I didn't have a feeling, but my husband did. About a week before our first ultrasound he just came out of no where and said "We're having twins" and I was like yeah right. I knew we were having a girl, little did I know it was two girls!


----------



## turbo_mom

Did all of you have twins running on either side of your family? I took my CB test at 13DPO and got a strong line. Twins don't run on my side of the family. But i'm already nautious and so so tired!!! How likely is it to occur with someone who doesn't have twins on either side of the family?


----------



## Naya69

turbo_mom said:


> did all of you have twins running on either side of your family?
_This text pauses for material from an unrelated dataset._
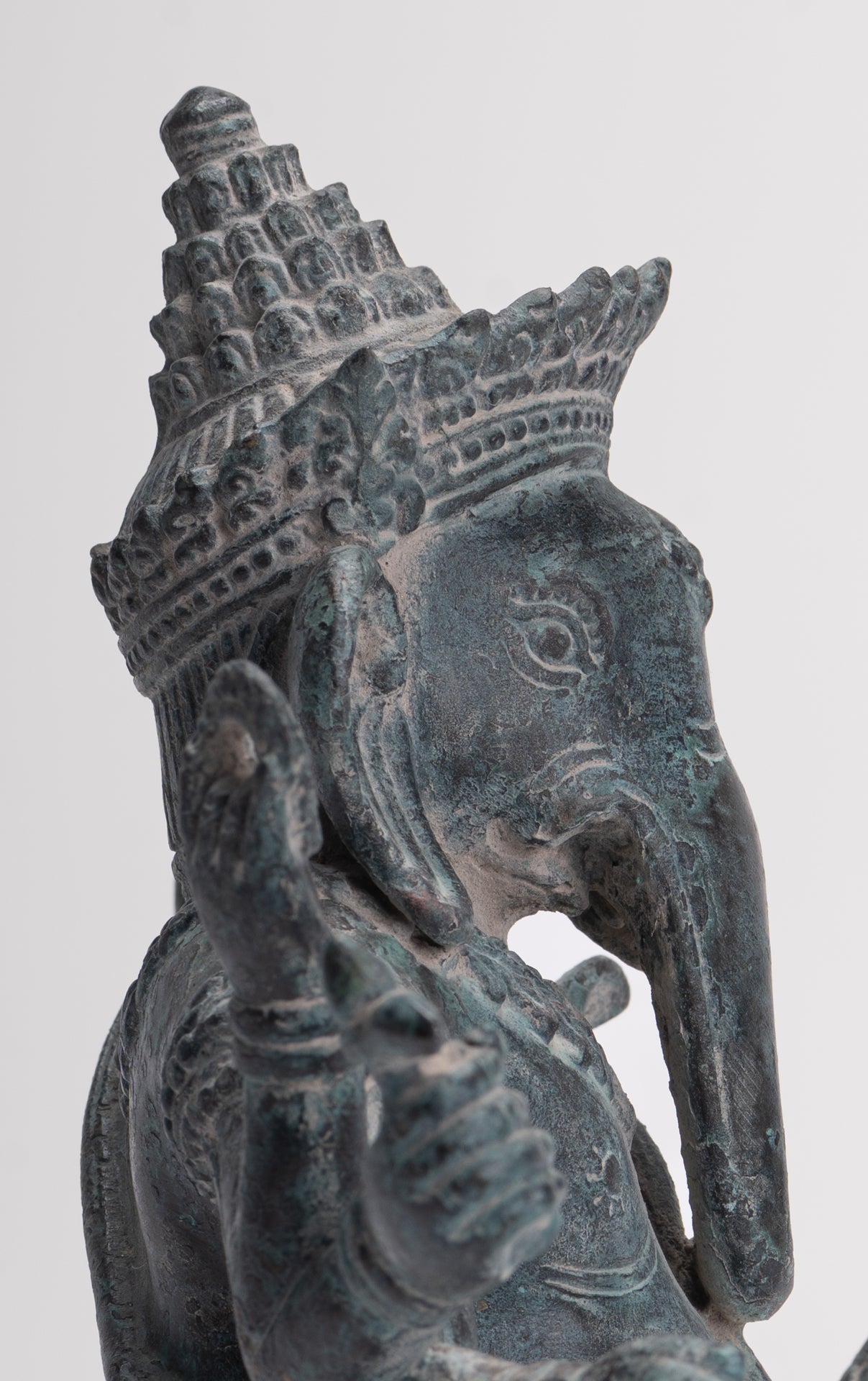 Ganesha Statue - Antique Khmer Style Enthroned Angkor Wat 8 Arm Ganesh Statue - 22cm/9"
I took my cb test at 13dpo and got a strong line. Twins don't run on my side of the family. But i'm already nautious and so so tired!!! How likely is it to occur with someone who doesn't have twins on either side of the family?
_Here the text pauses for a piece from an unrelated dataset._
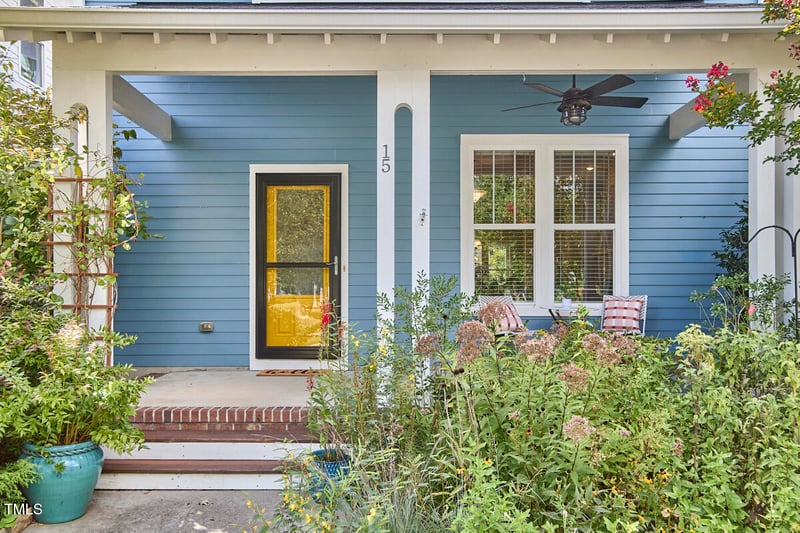 15 Pokeberry Bend Dr, Chapel Hill, NC 27516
it could happen to anyone chick xx


----------



## itsmelou1984

my mum and uncle are twins, my dad and other uncle are twins, and my dad's twin had twins! so ya could say they're pretty close in my family :) x x


----------



## emmad339

It's strange but I had a niggling feeling that it could be twins. I don't know why because there is no history of twins on either side but it was just a gut feeling that I had. Mine were confirmed at 6+5 and have a little piccie aswell I wasn't experiencing any problems to justify having an early scan but I have a fantastic GP who could see how concerned I was this time round after suffering a m/c last time so she contacted the midwife on Tuesday, who got me booked in for this morning. Have only known I'm pregnant for a week so it's all happened really quickly.


----------



## Naya69

emmad339 said:


> It's strange but I had a niggling feeling that it could be twins. I don't know why because there is no history of twins on either side but it was just a gut feeling that I had. Mine were confirmed at 6+5 and have a little piccie aswell I wasn't experiencing any problems to justify having an early scan but I have a fantastic GP who could see how concerned I was this time round after suffering a m/c last time so she contacted the midwife on Tuesday, who got me booked in for this morning. Have only known I'm pregnant for a week so it's all happened really quickly.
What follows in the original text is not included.